JobQueue serialises all jobs one at a time to avoid SQLite write contention. This is correct for a single-writer model, but it means:

  • Indexing /my-lib/v3.0.0 blocks /other-lib from starting, even though they write to entirely disjoint rows.
  • With hundreds of version tags registered from Discover Tags, a user must wait for every previous tag to finish before the next one starts — typically hours for a large monorepo.

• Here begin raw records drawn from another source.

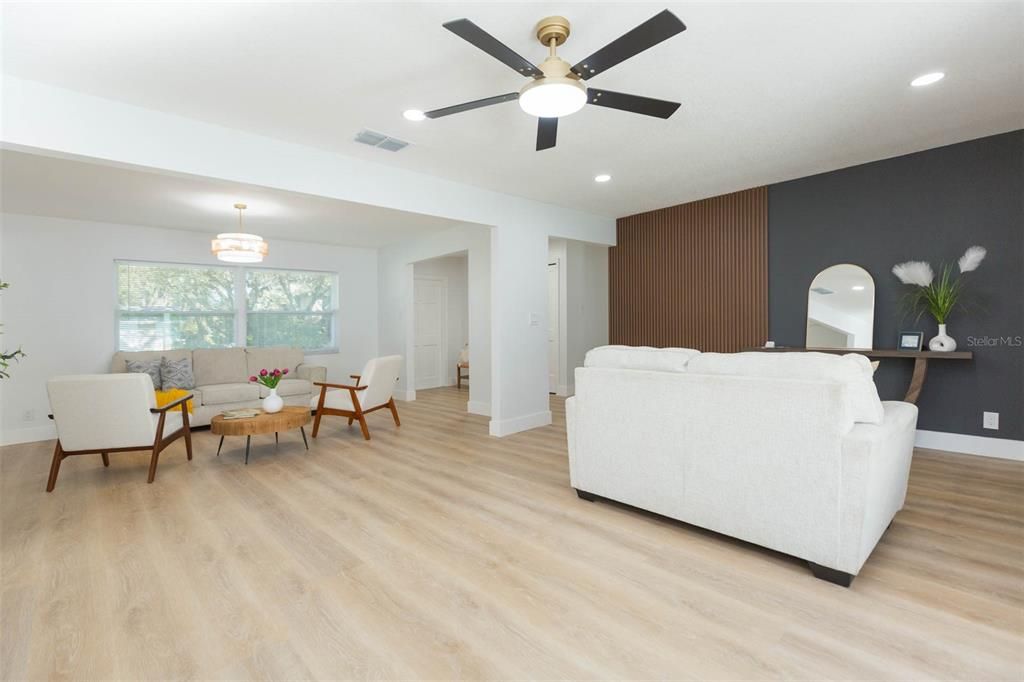 Active With Contract: $489,900 (4 beds, 2 baths, 2065 Square Feet)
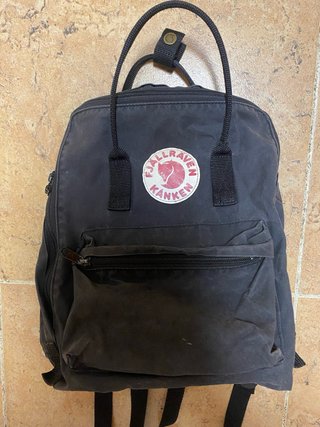 Mochila Fjallraven Kanken Negra ( no replica)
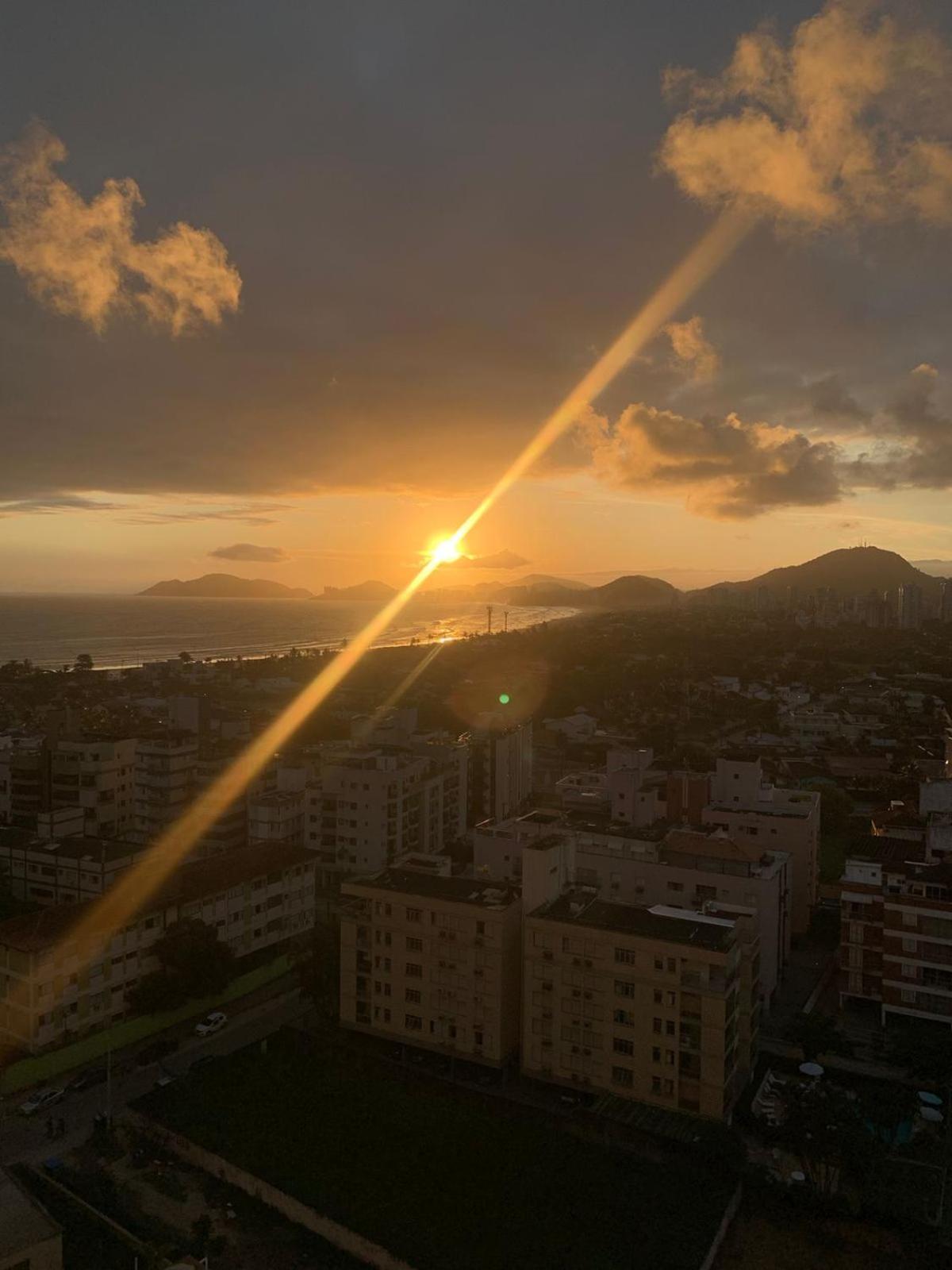 Vista Para Mar!!! Lazer Completo A Poucos Passos Da Praia Guaruja Luaran gambar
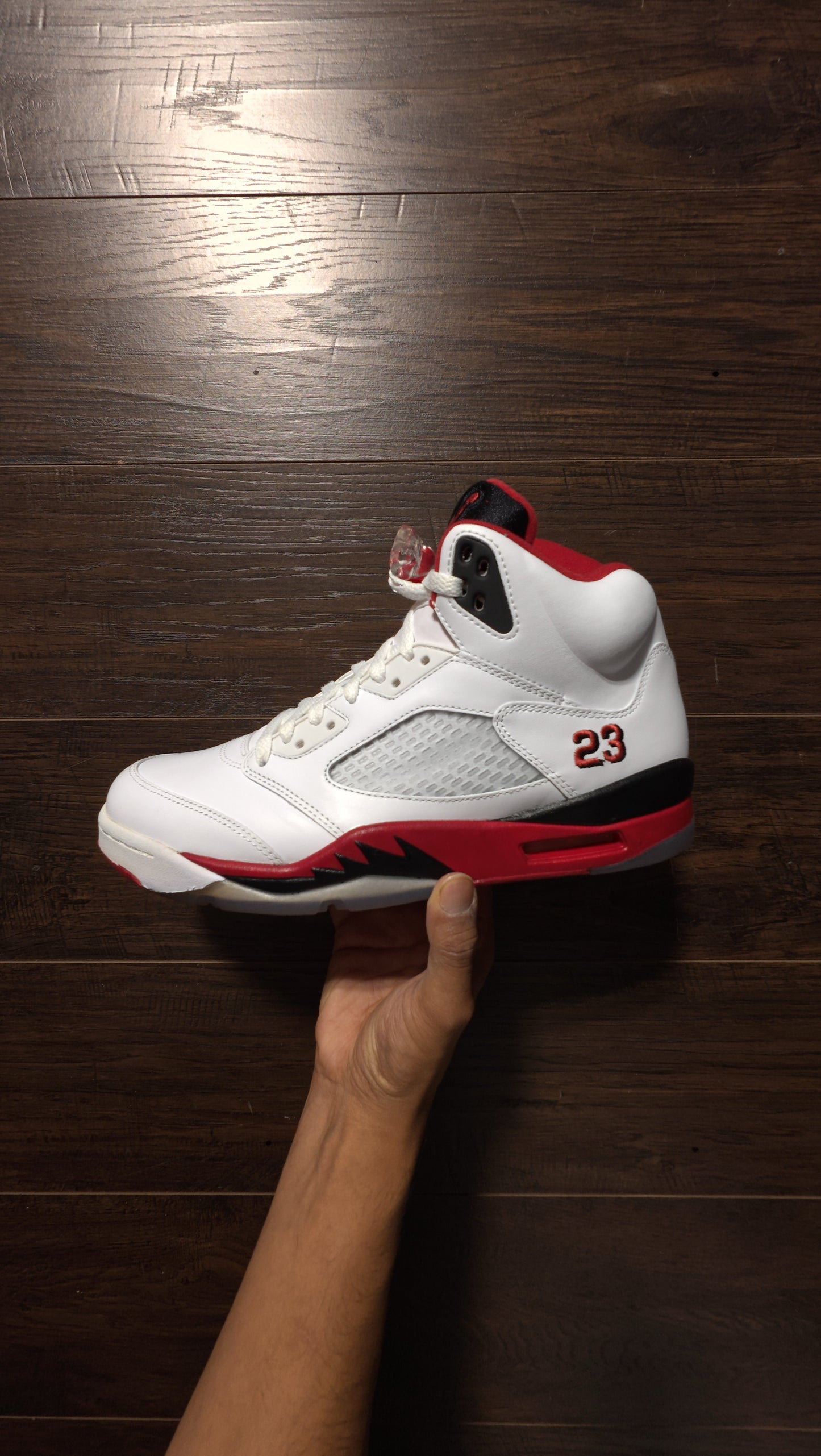 Jordan 5 Retro Fire Red Black Tongue (2013) [NEW] - 9.5 M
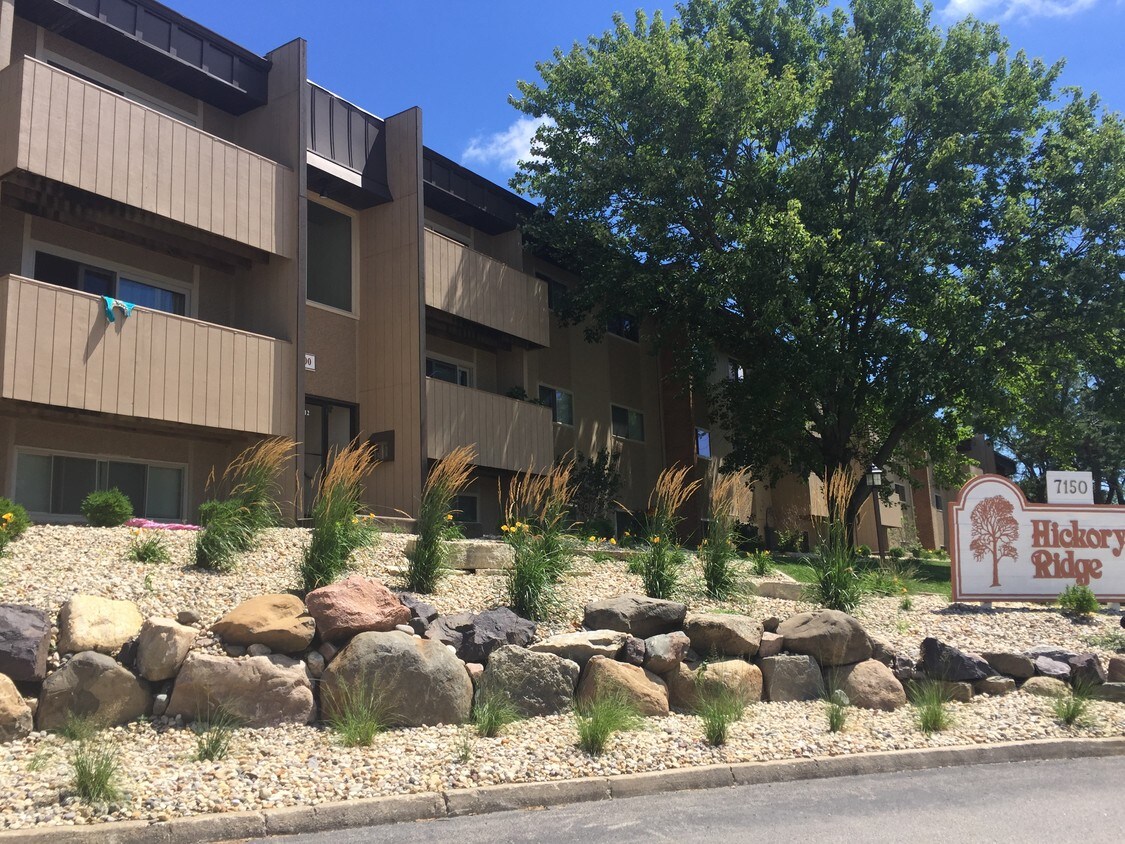 Hickory Ridge Apartments Peoria, IL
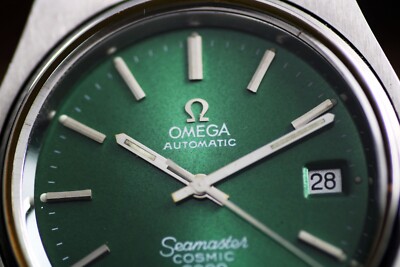 Vintage Omega Seamaster Cosmic 2000 Jumbo Sunburst Green Vintage Omega Seamaster Cosmic 2000 Jumbo Sunburst Green
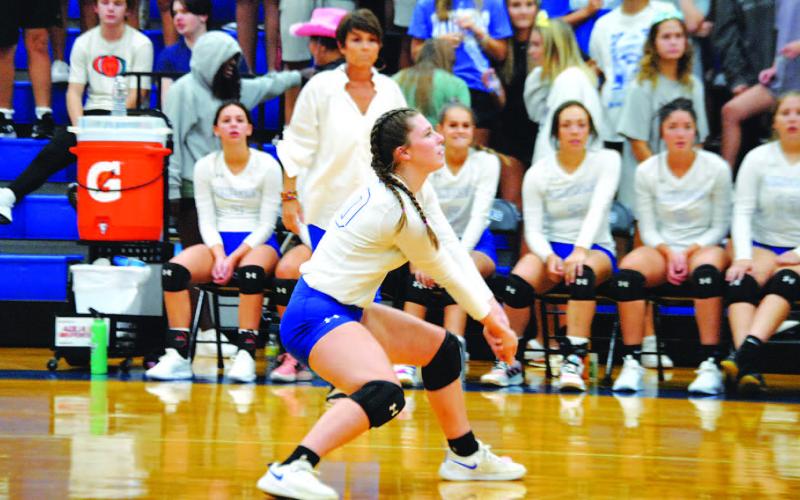 Lady Badgers go 2-1 in bracket play at Gatesville tournament
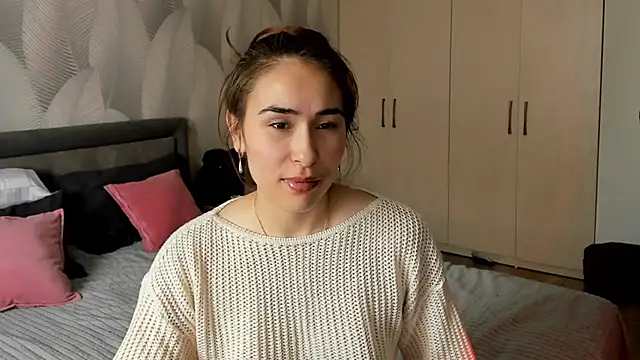 Bambiii bby online show from March 6, 2026, 4:53 am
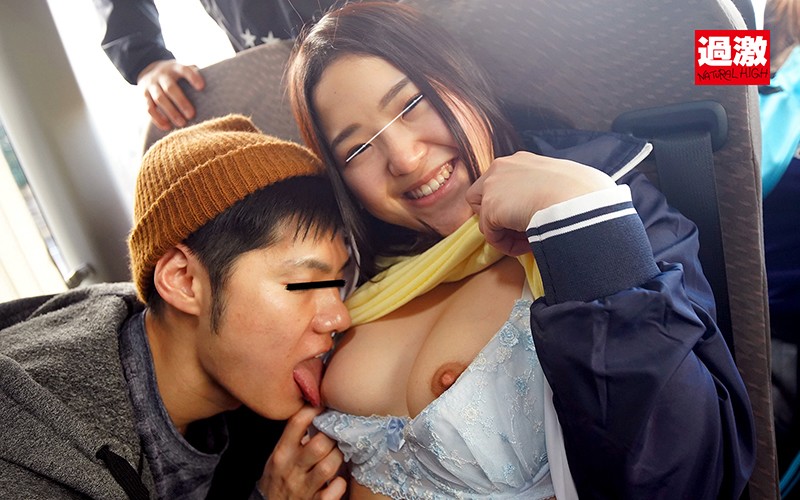 「ビッチな女子校生マネージャーが部活合宿で乱交＆野外露出プレイに挑戦する衝撃映像」のサンプル画像2枚目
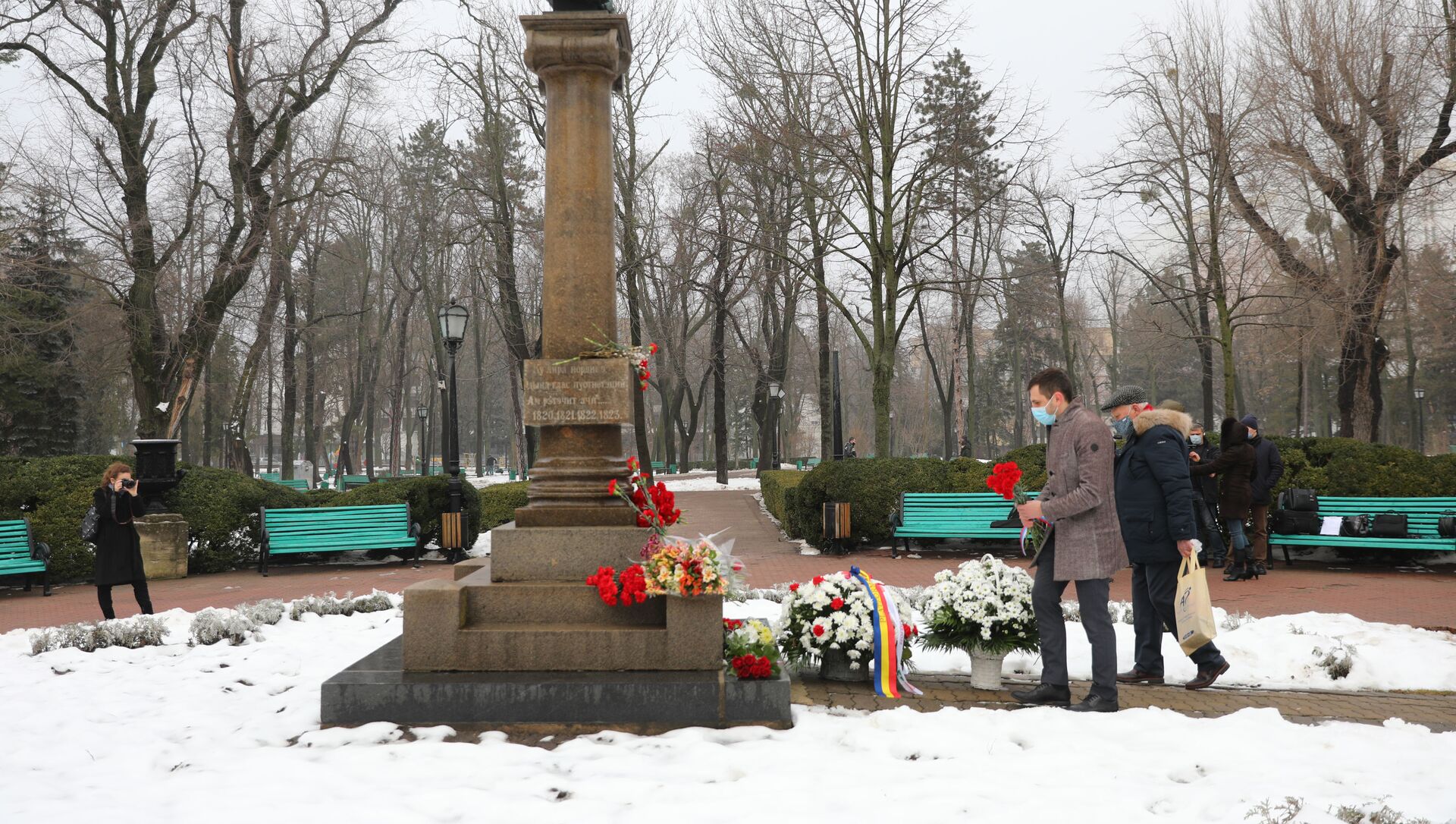 Flori la monumentul poetului Aleksandr Pușkin - Sputnik Moldova, 1920, 10.02.2021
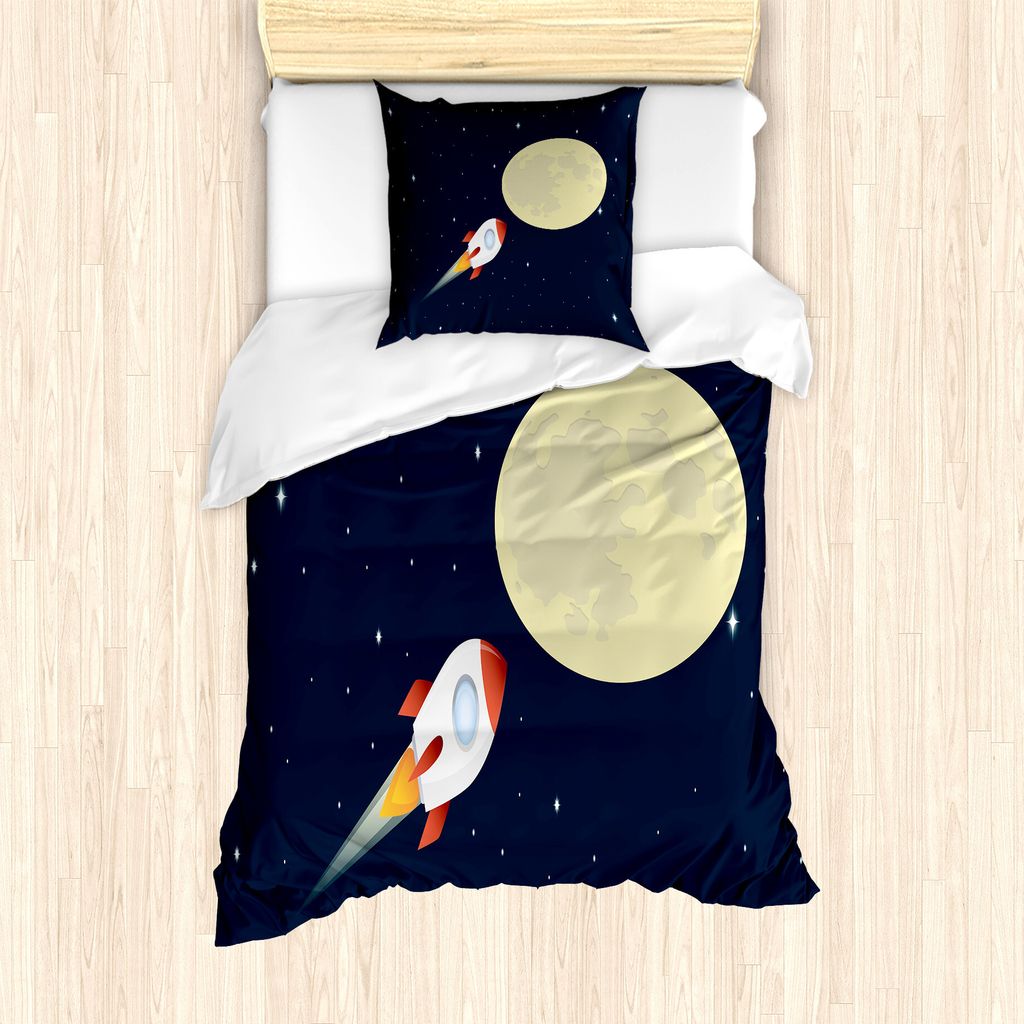 ABAKUHAUS Astronomie Bettbezug Set für Einzelbetten, Fliegende Rakete und Mond, Milbensicher Allergiker geeignet mit Kissenbezug, 135 cm x 200 cm ...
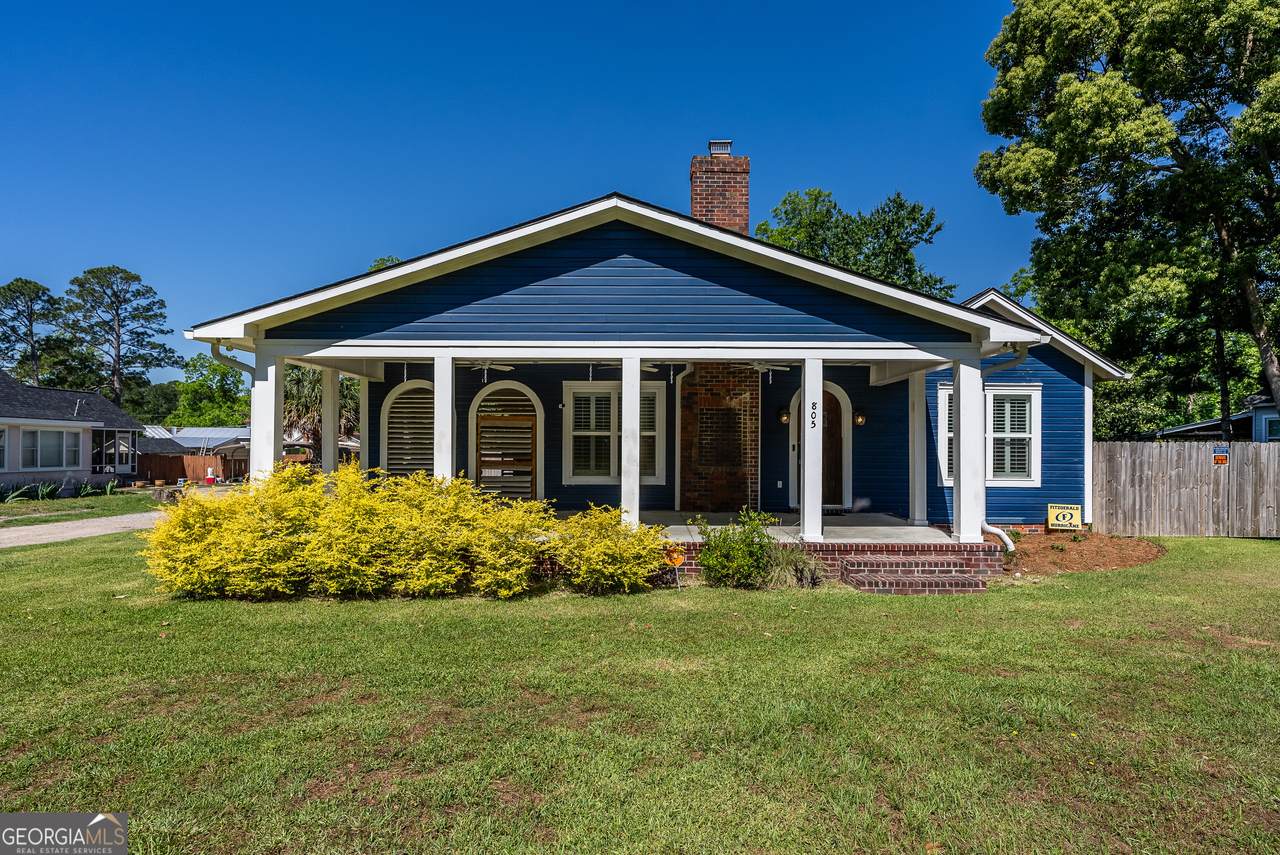 805 Lee Street - Photo 1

3. Polling Overhead and Lag

The UI currently polls GET /api/v1/jobs?repositoryId=... every 2 seconds. This means:

  • Progress updates are always up to 2 seconds stale.
  • Each poll is a full DB read regardless of whether anything changed.
  • The polling interval itself adds load during the highest-contention window.

Goals

  1. Move IndexingPipeline.run() into a Node.js Worker Thread so the HTTP event loop is never blocked by indexing work.
  2. Support configurable parallel job execution (default: 2 concurrent workers, max: N where N is the number of CPU cores minus 1).
  3. Replace polling with Server-Sent Events (SSE) for real-time per-job progress streaming.
  4. Keep a single SQLite file as the persistence layer — no external message broker.
  5. Detailed progress: expose current stage name (crawl / diff / parse / store / embed), not just a percentage.
  6. Remain backward-compatible: the existing GET /api/v1/jobs/{id} REST endpoint continues to work unchanged.

Non-Goals

  • Moving to a multi-process (fork) architecture.
  • External queue systems (Redis, BullMQ, etc.).
  • Distributed or cluster execution across multiple machines.
  • Resumable indexing (pause mid-parse and continue after restart).
  • Changing the SQLite storage backend.

Architecture

Worker Thread Model

┌─────────────────────────────────────────────────────────────────┐
│  Main Thread (SvelteKit / HTTP / MCP)                           │
│                                                                 │
│  WorkerPool          JobQueue (SQLite)                          │
│  ┌────────────┐      ┌──────────────────────────────────────┐   │
│  │ Worker 0   │◄────►│  indexing_jobs (queued/running/done) │   │
│  │ Worker 1   │      └──────────────────────────────────────┘   │
│  │ Worker N   │                                                  │
│  └────────────┘      ProgressBroadcaster                        │
│       │              ┌──────────────────────────────────────┐   │
│       └─────────────►│  SSE channels (Map<jobId, Response>) │   │
│   postMessage        └──────────────────────────────────────┘   │
│   { type: 'progress', jobId, stage, ... }                       │
└─────────────────────────────────────────────────────────────────┘

Worker Thread lifecycle

Each worker is a long-lived node:worker_threads Worker instance that:

  1. Opens its own better-sqlite3 connection to the same database file.
  2. Listens for { type: 'run', jobId } messages from the main thread.
  3. Runs IndexingPipeline.run(job), emitting postMessage progress events at each stage boundary and every N files.
  4. Posts { type: 'done', jobId } or { type: 'failed', jobId, error } when finished.
  5. Is reused for subsequent jobs (no spawn-per-job overhead).

WorkerPool (main thread)

Manages a pool of concurrency workers.

interface WorkerPoolOptions {
  concurrency: number;      // default: Math.max(1, os.cpus().length - 1), capped at 4
  workerScript: string;     // absolute path to the compiled worker entry
}

class WorkerPool {
  private workers: Worker[];
  private idle: Worker[];

  enqueue(jobId: string): void;
  private dispatch(worker: Worker, jobId: string): void;
  private onWorkerMessage(msg: WorkerMessage): void;
  private onWorkerExit(worker: Worker, code: number): void;
}

Workers are kept alive across jobs. If a worker crashes (non-zero exit), the pool spawns a replacement and marks any in-flight job as failed.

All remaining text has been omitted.